| Directions for this task |
In the records below, begin at the line containing "Street One Dames" and end at the line containing "Biba Dark Green"; quote every line in that span exactly, including both boundary lines, and no others.

Records provided START

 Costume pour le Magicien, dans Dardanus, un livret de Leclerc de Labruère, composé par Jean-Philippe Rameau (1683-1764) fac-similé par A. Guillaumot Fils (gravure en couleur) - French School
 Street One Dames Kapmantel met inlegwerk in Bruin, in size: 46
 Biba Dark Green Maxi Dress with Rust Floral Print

Records provided END
Records provided START

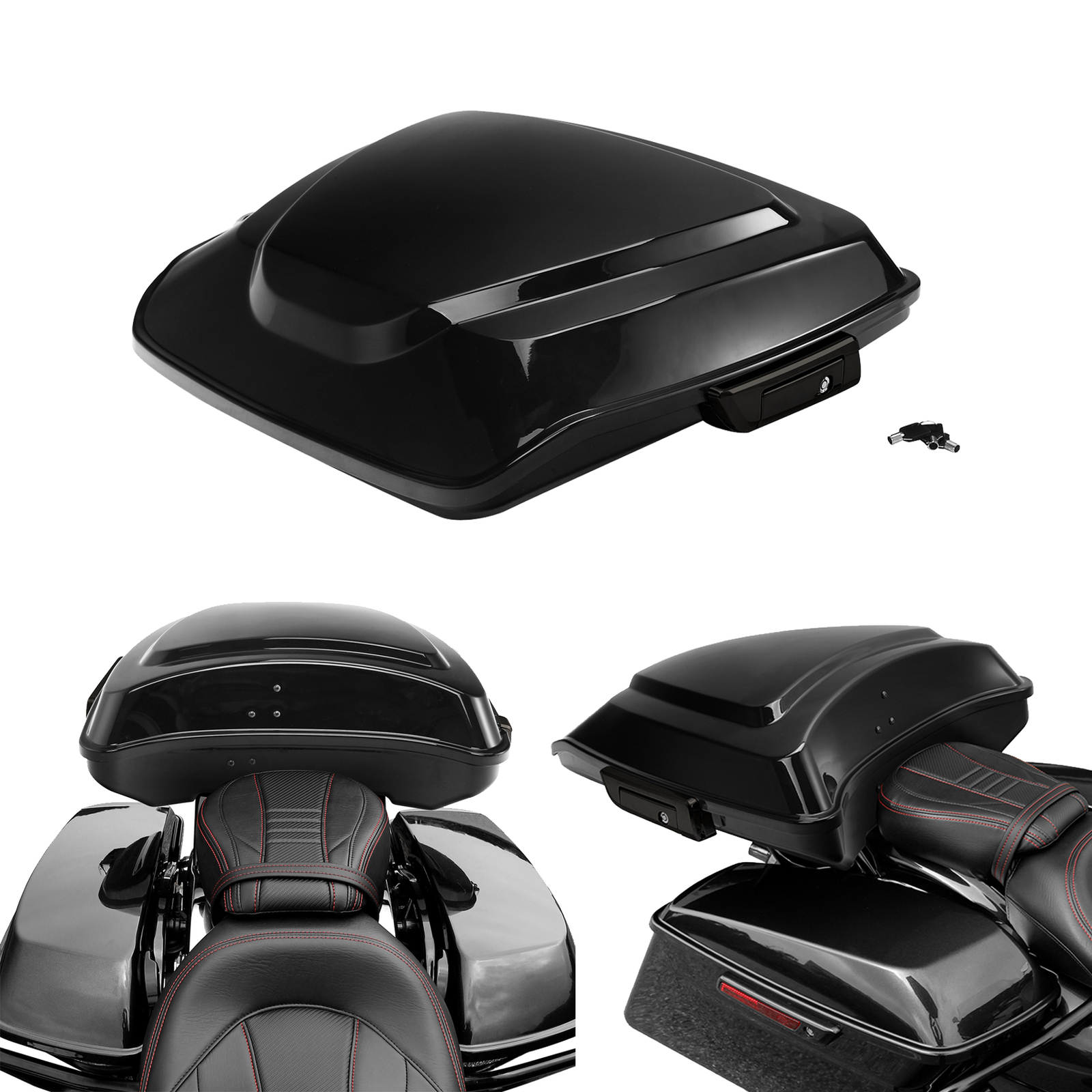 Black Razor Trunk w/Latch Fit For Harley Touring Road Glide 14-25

Records provided END

| Solution |
 Street One Dames Kapmantel met inlegwerk in Bruin, in size: 46
 Biba Dark Green Maxi Dress with Rust Floral Print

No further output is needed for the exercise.